The Sofina case law refers to a landmark judgment by the Court of Justice of the European Union (CJEU), confirmed in decisions from 2022 and 2024, with additional cases pending. Taken together, these judgments indicate that, under the EU’s free movement of capital, withholding tax (WHT) should not apply to payments made to foreign loss-making companies where a domestic company in comparable circumstances would ultimately not be liable to tax. The authors submit that, although under a ‘matching principle rationale’ the doctrine’s scope may be narrower than initially assumed, Portuguese law should be considered discriminatory in specific situations, entitling affected taxpayers to a WHT reimbursement.

Sofina case law

In Sofina (November 22 2018), Belgian companies in a loss-making position received dividends from a French source and were subject to a final 15% WHT (a reduced treaty rate).

By contrast, French-resident companies receiving comparable dividends would initially be subject to 25% WHT as a payment on account of final corporate income tax (CIT) liability; however, if they were in a loss-making position at year-end, they would be entitled to a refund of that WHT.

The CJEU held that this difference in treatment restricted the free movement of capital under Article 63 of the Treaty on the Functioning of the European Union (TFEU). Specifically, it found the entities to be in an objectively comparable situation and rejected the justifications put forward under Article 65 of the TFEU, including the balanced allocation of taxing powers, the effectiveness of tax collection, and the prevention of revenue loss.

Importantly, the court held that the discriminatory effect arose from the regime’s material outcome, not merely from the imposition of WHT on non-residents, in a reasoning consistent with the court’s earlier judgment in Truck Center (December 22 2008).

The CJEU further noted that the discrimination could not be neutralised by applying the France–Belgium double tax treaty. Indeed, this is typically the case for foreign loss-making companies, or those whose state of residency applies the exemption method, as they lack the taxable income against which to credit the foreign WHT.

This reasoning was confirmed in Credit Suisse Securities (Europe) (December 19 2024), where a UK-resident loss-making company received dividends from a company established in Biscay, Spain, and was subject to WHT at source at a reduced treaty rate of 10%.

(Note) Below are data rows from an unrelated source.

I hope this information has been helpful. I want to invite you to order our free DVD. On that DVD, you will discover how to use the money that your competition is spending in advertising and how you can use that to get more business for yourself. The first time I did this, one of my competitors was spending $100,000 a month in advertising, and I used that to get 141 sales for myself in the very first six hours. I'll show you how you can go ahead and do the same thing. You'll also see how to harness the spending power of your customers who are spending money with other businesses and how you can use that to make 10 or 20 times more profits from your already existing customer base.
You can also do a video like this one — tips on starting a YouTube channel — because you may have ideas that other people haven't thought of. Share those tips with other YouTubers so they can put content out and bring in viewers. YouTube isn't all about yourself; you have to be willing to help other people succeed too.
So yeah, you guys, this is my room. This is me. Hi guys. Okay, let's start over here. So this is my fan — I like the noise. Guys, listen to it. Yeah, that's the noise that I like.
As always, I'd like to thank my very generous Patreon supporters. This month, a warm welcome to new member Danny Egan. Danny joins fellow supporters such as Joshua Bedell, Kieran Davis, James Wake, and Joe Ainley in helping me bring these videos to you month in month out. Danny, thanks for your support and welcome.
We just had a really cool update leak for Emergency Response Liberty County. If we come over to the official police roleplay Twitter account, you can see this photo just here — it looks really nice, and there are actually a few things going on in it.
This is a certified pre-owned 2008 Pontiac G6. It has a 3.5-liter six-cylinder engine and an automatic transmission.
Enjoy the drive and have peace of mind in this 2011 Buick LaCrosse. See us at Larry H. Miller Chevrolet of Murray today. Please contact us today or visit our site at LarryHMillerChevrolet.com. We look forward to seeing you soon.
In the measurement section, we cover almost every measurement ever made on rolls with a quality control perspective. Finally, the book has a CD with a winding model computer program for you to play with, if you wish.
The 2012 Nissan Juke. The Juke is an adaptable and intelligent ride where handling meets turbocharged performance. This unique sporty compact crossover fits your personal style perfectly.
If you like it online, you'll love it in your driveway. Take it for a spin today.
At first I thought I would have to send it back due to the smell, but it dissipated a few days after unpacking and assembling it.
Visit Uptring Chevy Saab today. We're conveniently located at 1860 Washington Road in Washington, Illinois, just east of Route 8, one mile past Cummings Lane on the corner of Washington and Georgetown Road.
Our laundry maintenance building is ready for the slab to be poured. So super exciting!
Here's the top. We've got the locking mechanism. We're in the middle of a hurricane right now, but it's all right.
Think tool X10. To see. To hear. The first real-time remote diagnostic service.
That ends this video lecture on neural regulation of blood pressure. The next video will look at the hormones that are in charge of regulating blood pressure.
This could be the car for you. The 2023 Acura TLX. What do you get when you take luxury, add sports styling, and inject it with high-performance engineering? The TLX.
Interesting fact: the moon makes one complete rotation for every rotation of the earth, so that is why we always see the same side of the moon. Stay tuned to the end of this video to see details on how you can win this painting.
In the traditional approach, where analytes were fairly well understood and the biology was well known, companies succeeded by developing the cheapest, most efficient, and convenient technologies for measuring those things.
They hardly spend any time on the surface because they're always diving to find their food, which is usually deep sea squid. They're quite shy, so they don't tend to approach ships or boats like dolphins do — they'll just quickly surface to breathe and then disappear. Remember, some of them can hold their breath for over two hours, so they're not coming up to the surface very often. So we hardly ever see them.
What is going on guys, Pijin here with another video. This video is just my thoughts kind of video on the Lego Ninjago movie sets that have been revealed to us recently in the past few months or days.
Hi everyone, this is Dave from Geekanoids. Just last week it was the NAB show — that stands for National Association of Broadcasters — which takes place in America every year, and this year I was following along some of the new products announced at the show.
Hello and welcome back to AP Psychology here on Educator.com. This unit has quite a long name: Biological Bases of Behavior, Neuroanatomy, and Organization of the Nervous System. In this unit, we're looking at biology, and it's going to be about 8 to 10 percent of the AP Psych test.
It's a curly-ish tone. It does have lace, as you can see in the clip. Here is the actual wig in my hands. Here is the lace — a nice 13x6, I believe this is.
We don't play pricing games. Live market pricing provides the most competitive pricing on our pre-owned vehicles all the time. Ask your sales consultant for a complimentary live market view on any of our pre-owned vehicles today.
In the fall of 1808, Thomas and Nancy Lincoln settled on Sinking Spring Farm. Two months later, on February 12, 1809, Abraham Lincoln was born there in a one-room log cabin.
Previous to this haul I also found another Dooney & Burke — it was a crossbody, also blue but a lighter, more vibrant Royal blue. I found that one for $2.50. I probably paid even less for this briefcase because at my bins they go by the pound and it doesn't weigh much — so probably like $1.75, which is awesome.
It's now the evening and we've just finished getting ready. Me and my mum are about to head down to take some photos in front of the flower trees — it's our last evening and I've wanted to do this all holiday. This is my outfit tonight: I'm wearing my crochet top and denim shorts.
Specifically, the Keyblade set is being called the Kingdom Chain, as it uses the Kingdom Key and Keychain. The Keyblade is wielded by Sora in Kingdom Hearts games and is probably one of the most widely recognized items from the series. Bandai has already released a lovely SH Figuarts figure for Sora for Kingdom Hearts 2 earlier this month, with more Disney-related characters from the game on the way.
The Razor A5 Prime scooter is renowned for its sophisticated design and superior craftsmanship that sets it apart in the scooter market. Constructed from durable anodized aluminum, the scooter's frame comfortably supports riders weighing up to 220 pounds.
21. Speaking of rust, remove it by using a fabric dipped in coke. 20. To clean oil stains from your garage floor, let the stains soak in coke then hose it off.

Under the applicable Spanish law, WHT on dividends paid to non-resident companies was generally final, with no domestic mechanism for reimbursement where the recipient company incurred losses. By contrast, where dividends were paid to a resident company subject to CIT in Biscay, the WHT operated merely as a payment on account for final CIT liability. At year-end, that dividend income formed part of the overall tax assessment and, where the resident company was in a global loss-making position, no tax was due, and the WHT was reimbursed in full.

Against that background, the CJEU again identified a restriction on the free movement of capital under Article 63 of the TFEU. The court stressed that once a source state taxes dividends paid to both resident and non-resident companies, their situations become objectively comparable as regards the tax burden attached to that income. Consequently, the differing tax treatment conferred a substantive advantage to resident loss-making companies.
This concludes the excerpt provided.